Visit this website for more information on how barium is used in medical diagnoses and which conditions it is used to diagnose.

Predicting Precipitation

Tabulated K_sp values can also be compared to reaction quotients calculated from experimental data to predict whether a solid will precipitate in a reaction under specific conditions: Q equals K_sp at equilibrium; if Q is less than K_sp, the solid will dissolve until Q equals K_sp; if Q is greater than K_sp, precipitation will occur at a given temperature until Q equals K_sp.

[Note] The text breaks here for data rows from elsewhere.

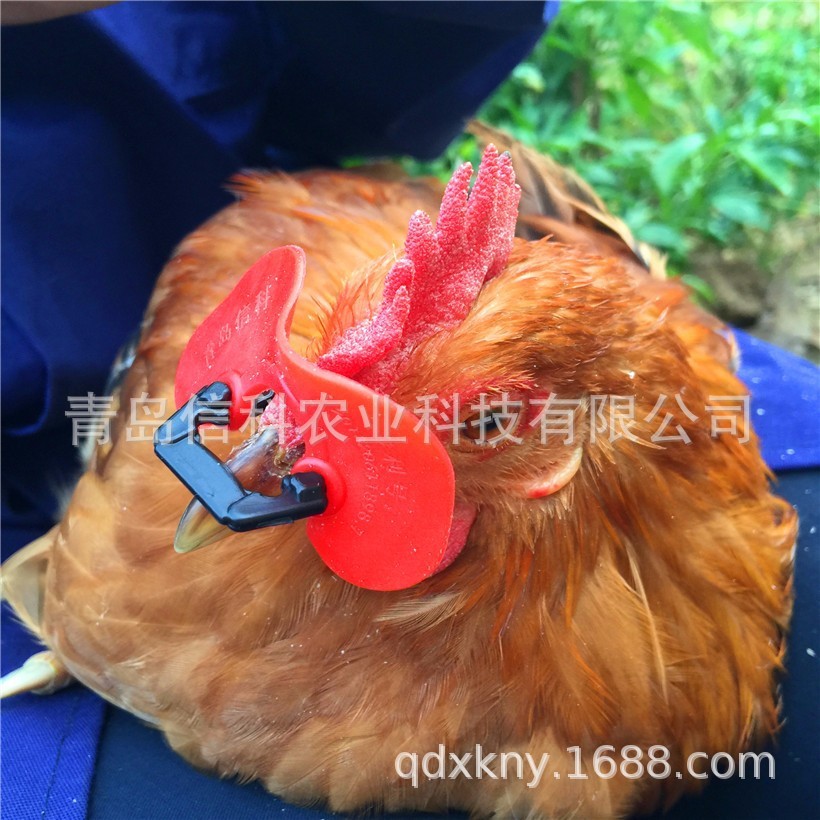 第十代野鸡无栓鸡戴眼镜 大公鸡用眼镜 不挂网 防伤害 软镜片又图4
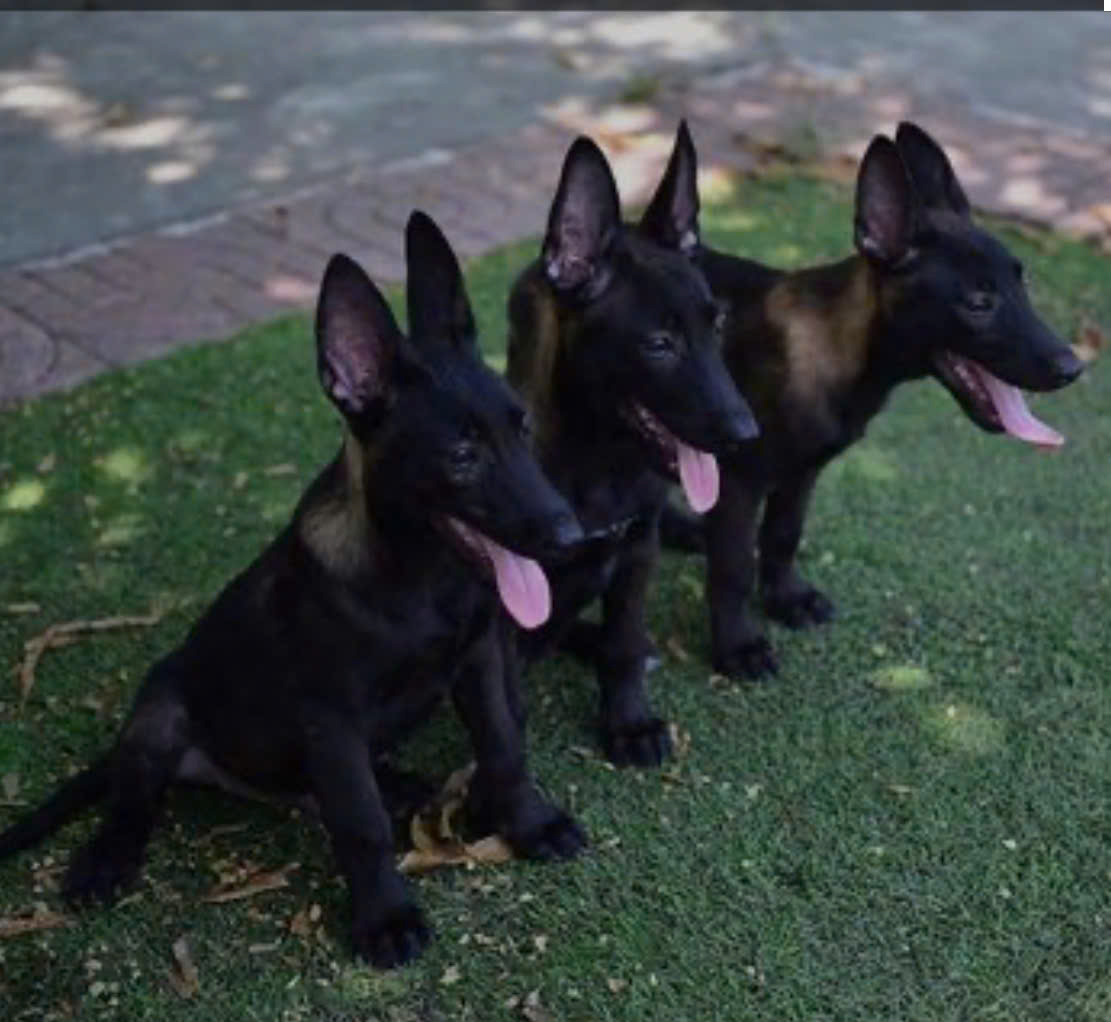 Mua Bán Chó Malinois Thuần Chủng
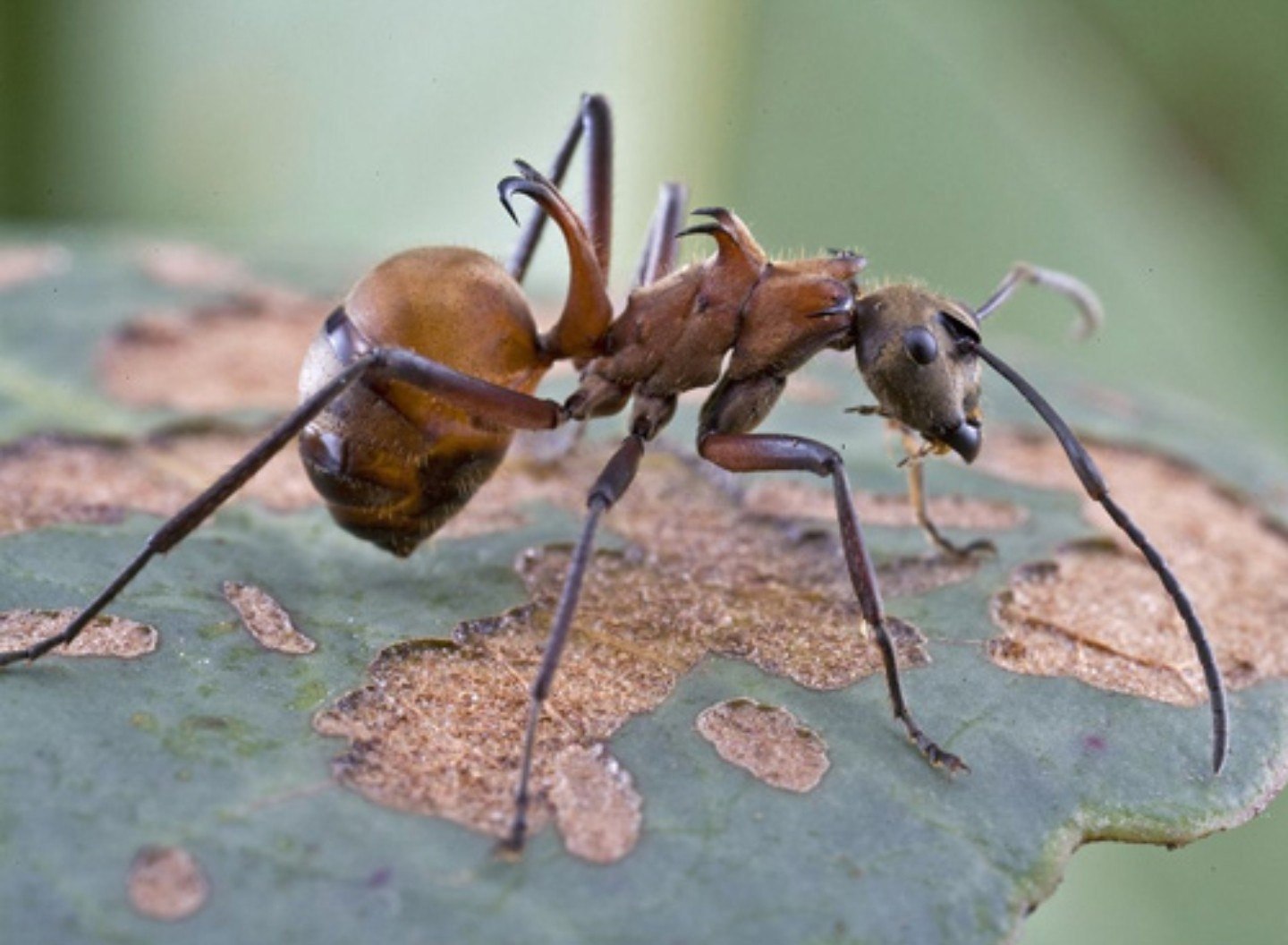 Polyrhachis bihamata. Polyrhachis cyaniventris. Азиатские муравьи Polyrhachis bihamata. Обыкновенный тонкоголовый муравей.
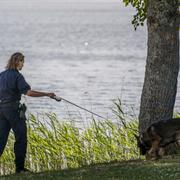 Hundförare undersöker området där kvinnan hittades död tidigare i veckan.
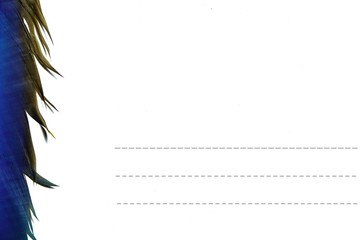 The postcard  the wings feathers on white backgound.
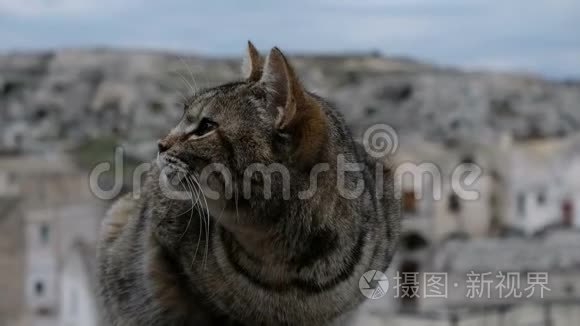 被剥光的野猫脸，闭上眼睛，在物质模糊背景上的运动细节，宠物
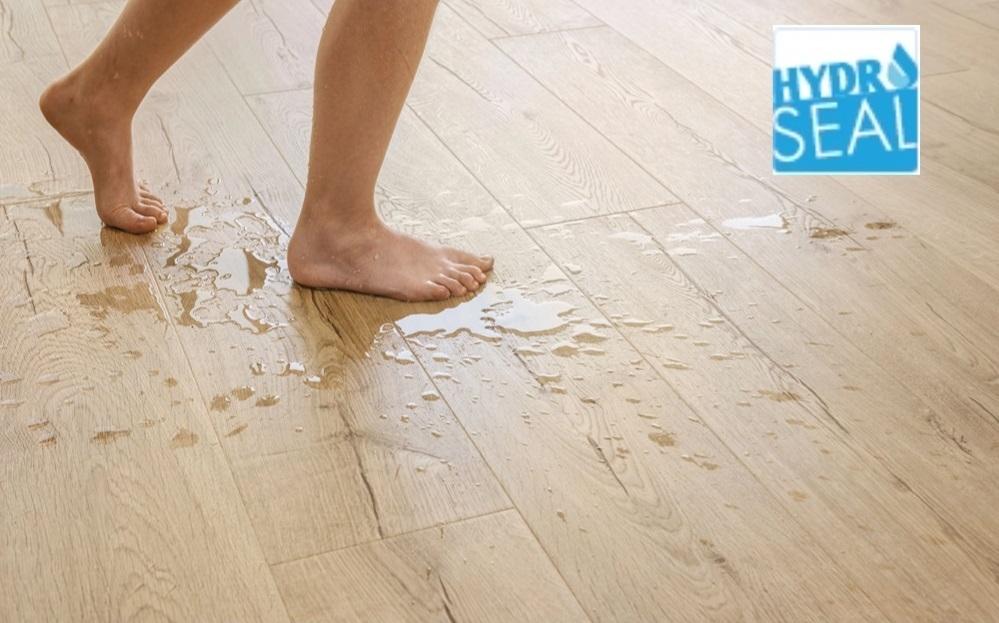 得高Quick-Step藝術(shù)木地板，踏響健康家居的詩(shī)意節(jié)拍 WPS圖片(1)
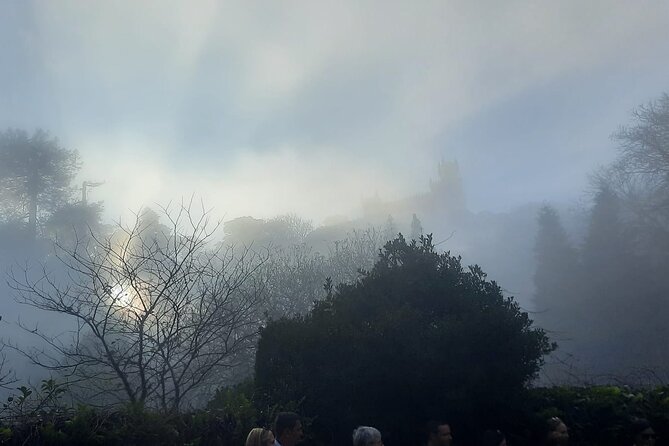Sintra Palaces and Forest Private Tour - Pena Palace and Park: your main 2-hour block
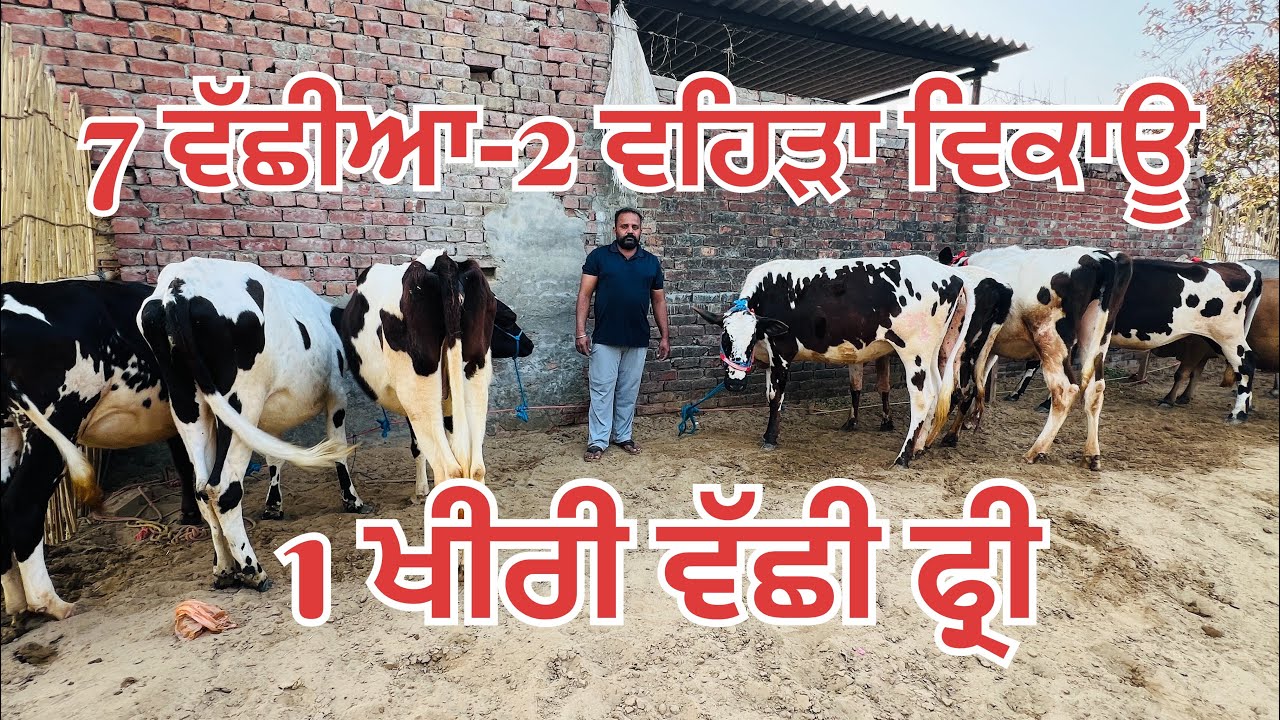 7 ਵੱਛੀਆ-1 ਵਹਿੜਾ ਸਸਤੇ ਮੁੱਲ ਚ 🔥1 ਵੱਛੀ ਫ੍ਰੀ 🔥7 heifer-2 cow for sale 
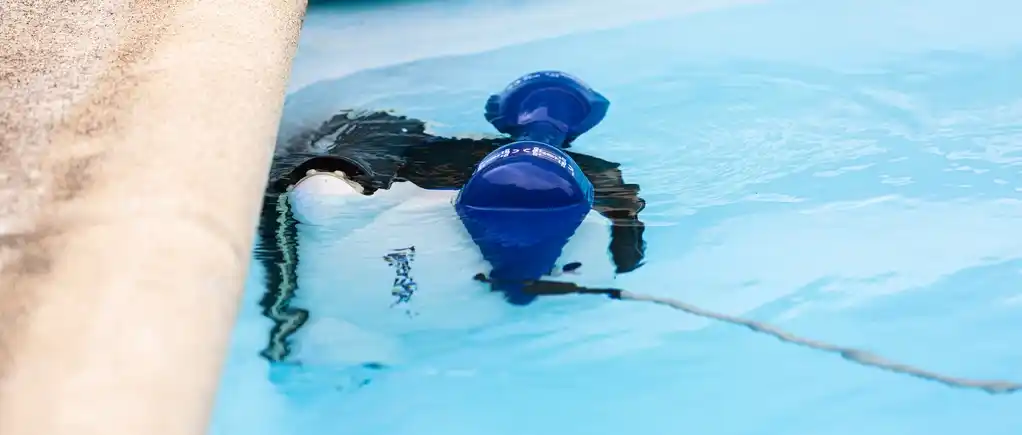 Location robot piscine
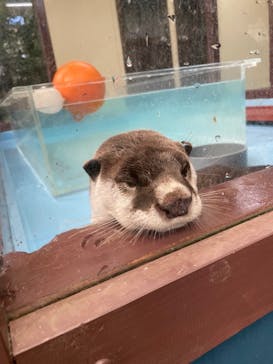 ゼロ距離水族館 伊勢シーパラダイスに投稿された画像（2021/12/5）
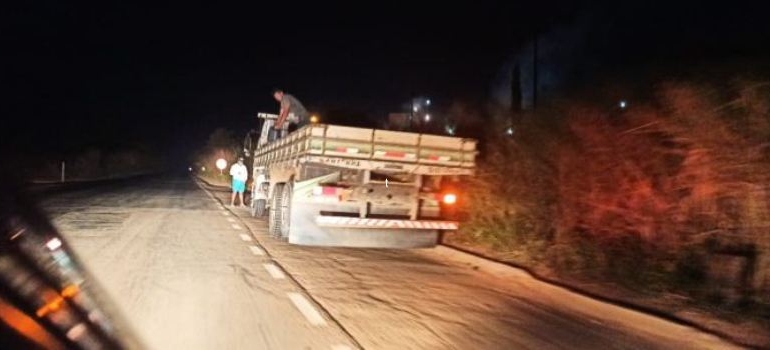 Motorista bate caminhão em animal na pista em Patos de Minas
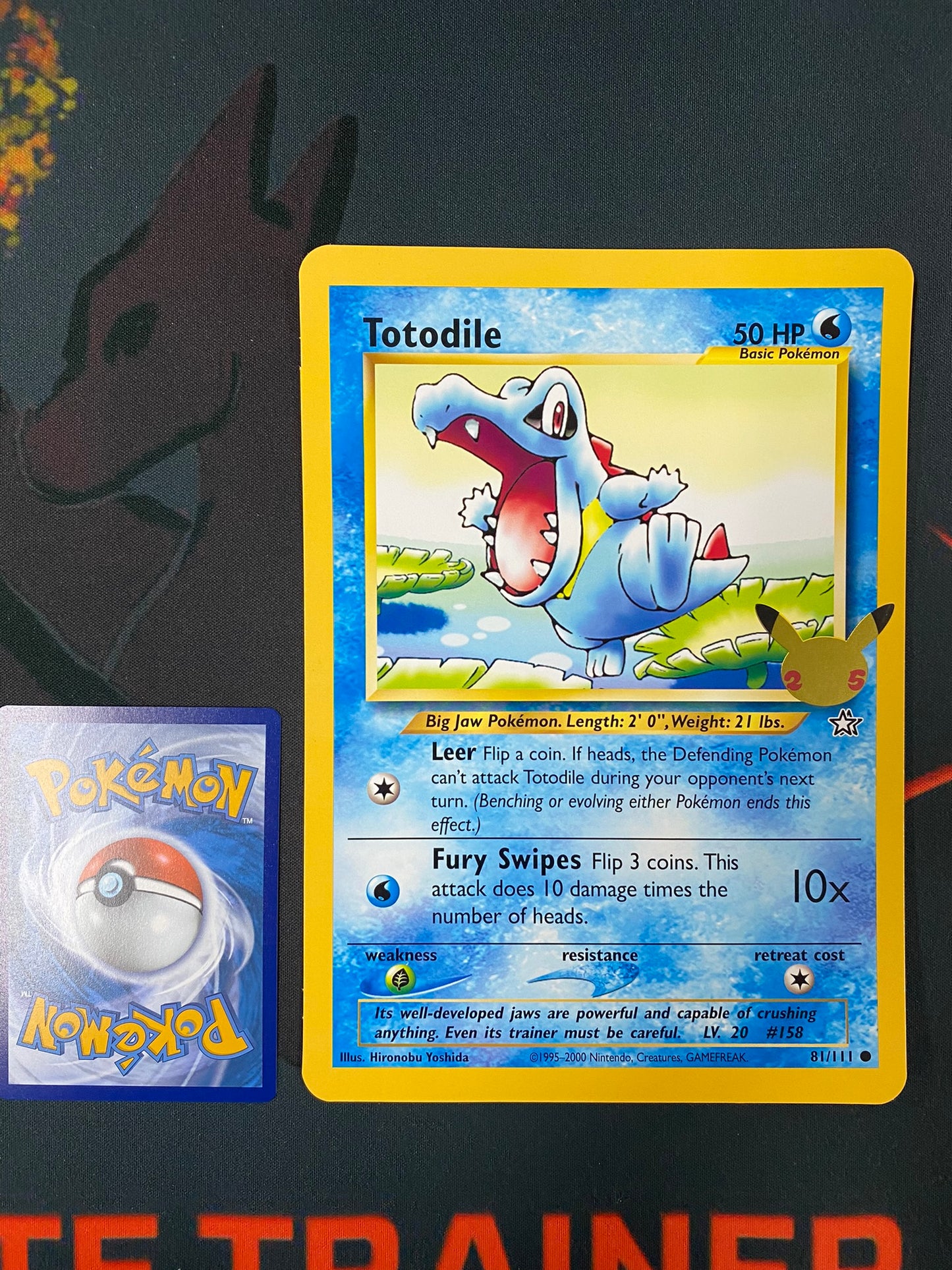 Pokemon Card 25TH ANNIVERSARY 81/111 Totodile JUMBO OVERSIZED PROMO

The equation that describes the equilibrium between solid calcium carbonate and its solvated ions is:

CaCO₃(s) ⇌ Ca²⁺(aq) + CO₃^2-(aq)

We can establish this equilibrium either by adding solid calcium carbonate to water or by mixing a solution that contains calcium ions with a solution that contains carbonate ions. If we add calcium carbonate to water, the solid will dissolve until the concentrations are such that the value of the reaction quotient (Q = [Ca²⁺][CO₃^2-]) is equal to the solubility product (K_sp = 8.7 × 10^–9). If we mix a solution of calcium nitrate, which contains Ca²⁺ ions, with a solution of sodium carbonate, which contains CO₃^2- ions, the slightly soluble ionic solid, CaCO₃, will precipitate, provided that the concentrations of Ca²⁺ and CO₃^2- ions make Q is greater than K_sp for the mixture. The reaction shifts to the left and the concentrations of the ions are reduced by formation of the solid until the value of Q equals K_sp. A saturated solution in equilibrium with the undissolved solid will result. If the concentrations are such that Q is less than K_sp, then the solution is not saturated and no precipitate will form.

We can compare numerical values of Q with K_sp to predict whether precipitation will occur, as Example 6 shows. (Note: Since all forms of equilibrium constants are temperature dependent, we will assume a room temperature environment going forward in this chapter unless a different temperature value is explicitly specified.)

Example 6

Precipitation of Mg(OH)₂
The first step in the preparation of magnesium metal is the precipitation of Mg(OH)₂ from sea water by the addition of lime, Ca(OH)₂, a readily available inexpensive source of OH^– ion:

Mg(OH)₂(s) ⇌ Mg²⁺(aq) + 2 OH^–(aq) K_sp = 1.8 ×10^-11

The concentration of Mg²⁺(aq) in sea water is 0.0537 M. Will Mg(OH)₂ precipitate when enough Ca(OH)₂ is added to give a [OH^–] of 0.0010 M?

Solution
This problem asks whether the reaction:

Mg(OH)₂(s) ⇌ Mg²⁺(aq) + 2 OH^–(aq)

shifts to the left and forms solid Mg(OH)₂ when [Mg²⁺] = 0.0537 M and [OH^–] = 0.0010 M. The reaction shifts to the left if Q is greater than K_sp. Calculation of the reaction quotient under these conditions is shown here:

Q = [Mg²⁺][OH^–]² = (0.0537)(0.0010)² = 5.4 × 10^-8

Because Q is greater than K_sp (Q = 5.4 × 10^–8 is larger than K_sp = 1.8 × 10^–11), we can expect the reaction to shift to the left and form solid magnesium hydroxide. Mg(OH)₂(s) forms until the concentrations of magnesium ion and hydroxide ion are reduced sufficiently so that the value of Q is equal to K_sp.

Check Your Learning
Use the solubility product in Appendix J to determine whether CaHPO₄ will precipitate from a solution with [Ca²⁺] = 0.0001 M and [HPO₄^2-] = 0.001 M.

Answer:

No precipitation of CaHPO₄; Q = 1 × 10^–7, which is equal to K_sp.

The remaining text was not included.